Yesterday I finished reading Loss and Gain by Henry Newman, and as I write this, I have just finished Prince Caspian. Don’t get me wrong, I don’t just read books, but Lewis’ book is an afternoon read. In fact, it is a children’s book. After all the theological dose in Loss and Gain, I needed something light.
But I am more or less in the same frame of mind as after I finished Loss and Gain. Time seems to stand still. After reading the last page, I find myself thrown rudely into reality. (This happens to me after every book I read). My head kind of throbs. I need time to take in the fact that now I am in the real world and that the book characters and all that happened is imaginary. It is almost the same kind of feeling as the end of a movie, seeing the credits with nice music, and then bang!, someone switches on the lights and you stare at the blue screen in shock and disbelief.
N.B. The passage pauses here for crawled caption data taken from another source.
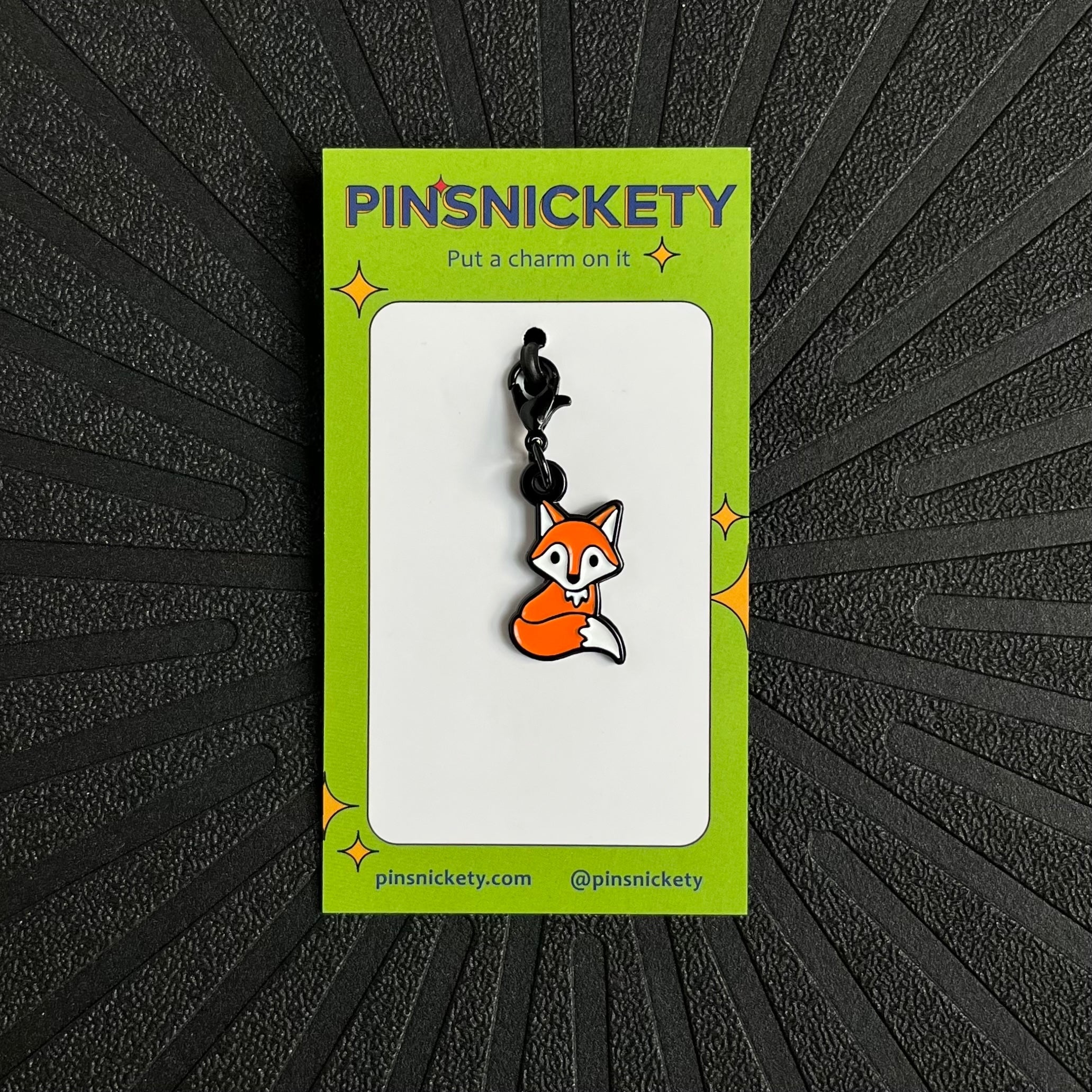 pinsnickety fox braid and bridle charm on a black background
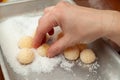 Woman hand making Beijinho de Coco, a traditional Brazilian candy called Coconuts Little Kiss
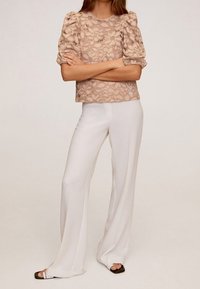 Vaaleanbeige pitsitoppi, jossa on muhkeat hihat, yhdistettynä valkoisiin leveälahkeisiin housuihin. Asussa on kukkakuvio ja sileät tekstuurit.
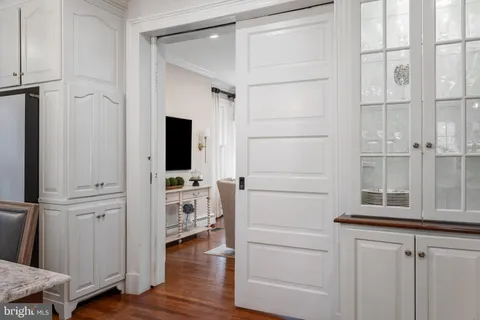 a view of an entryway with wooden floor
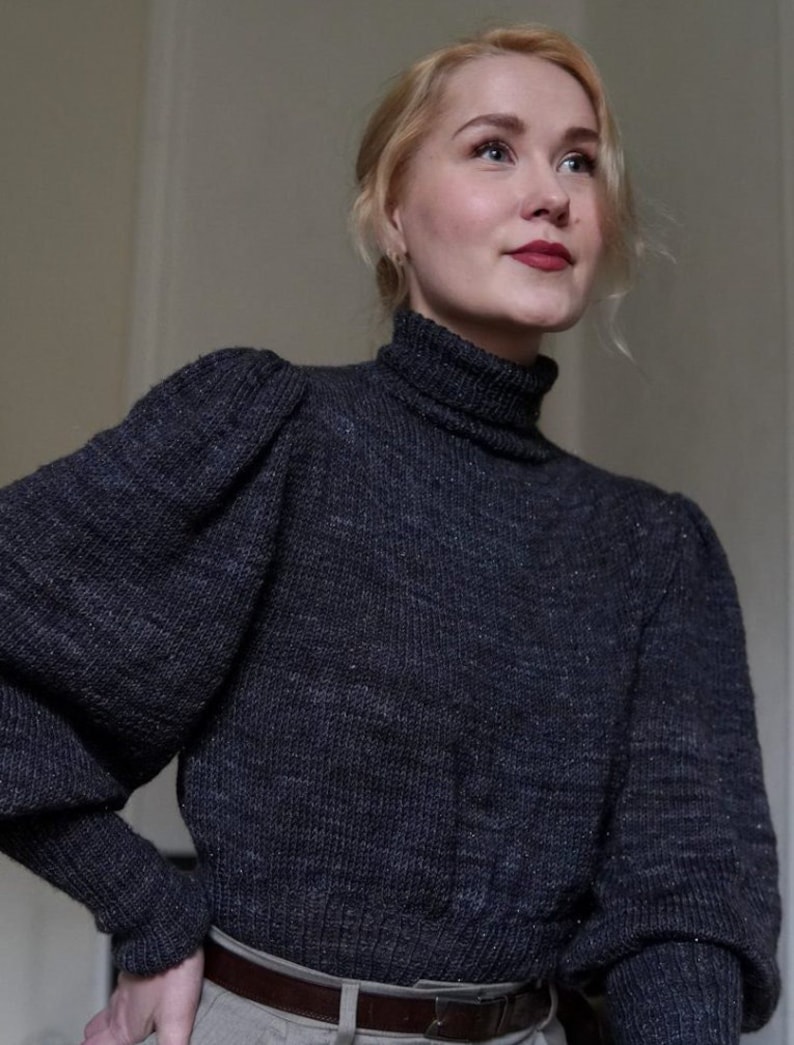 May include: A woman wearing a dark gray turtleneck sweater with puffed sleeves. The sweater has a subtle sparkle and is worn with a brown belt.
What to do? Go on with life? Get another book to immerse oneself in? Wouldn’t it be nice if there was no TIME? I mean, we could enjoy a good book forever? It sounds like a joke, I know. But I don’t know what to do about my throbbing head.
Anyone got ideas?
I know that feeling very well, it’s so sad to have to leave characters behind when you’ve been so immersed in their lives 😦 I like to take a few moments rather than just jump straight into another book or my real life otherwise I fele a little bit like I’m cheating on them…
Yeah, it sure does help to take a few minutes. There are some books that demand a lot of thought and have a big impact on the reader; Loss and Gain is one of them.